*** Opening of Records to process ***

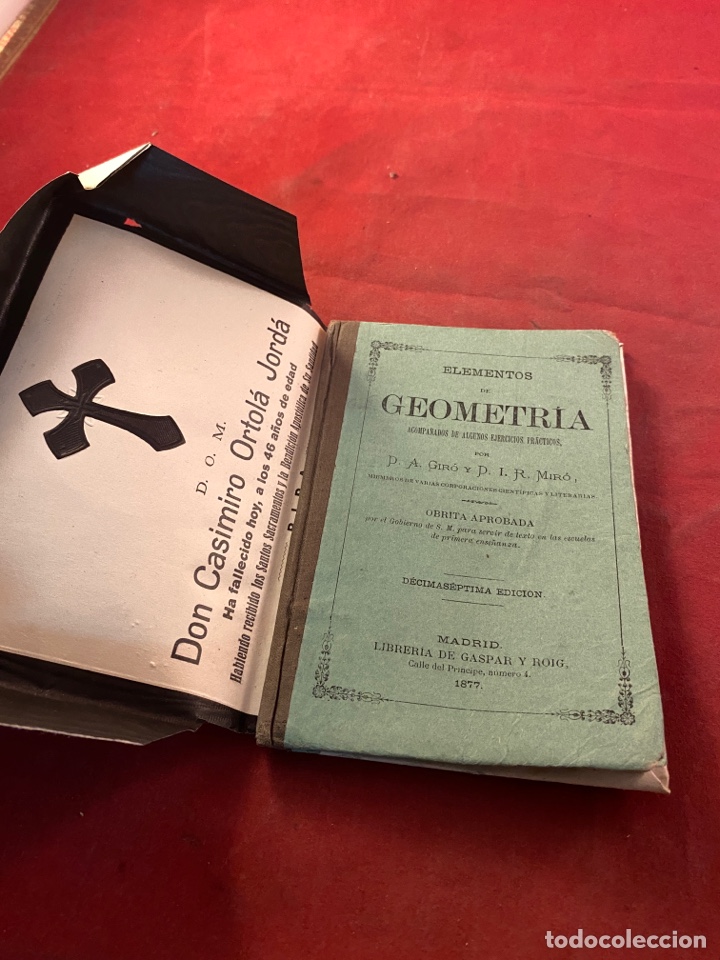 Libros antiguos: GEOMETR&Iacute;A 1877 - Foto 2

*** Close of Records to process ***
*** Opening of Records to process ***

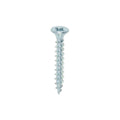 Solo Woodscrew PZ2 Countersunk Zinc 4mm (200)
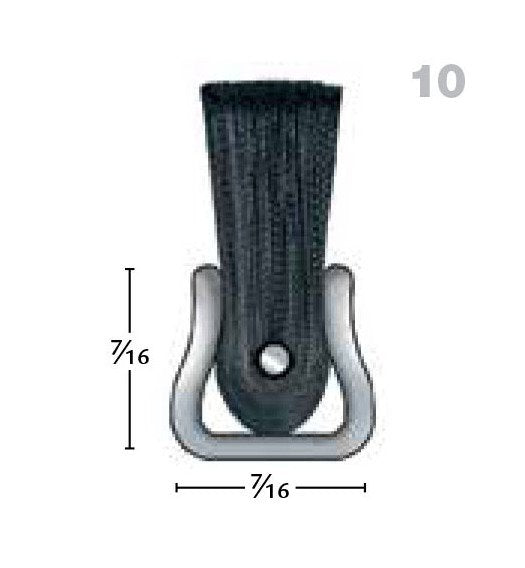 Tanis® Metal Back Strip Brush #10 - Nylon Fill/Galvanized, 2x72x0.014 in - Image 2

*** Close of Records to process ***

Given the records above, return the lines starting at the one that holds "Solo Woodscrew PZ2" and ending at the one that holds "Tanis® Metal Back", exactly, and nothing besides; leave every picture out.

> _Response to the task_:
 Solo Woodscrew PZ2 Countersunk Zinc 4mm (200)
 Tanis® Metal Back Strip Brush #10 - Nylon Fill/Galvanized, 2x72x0.014 in - Image 2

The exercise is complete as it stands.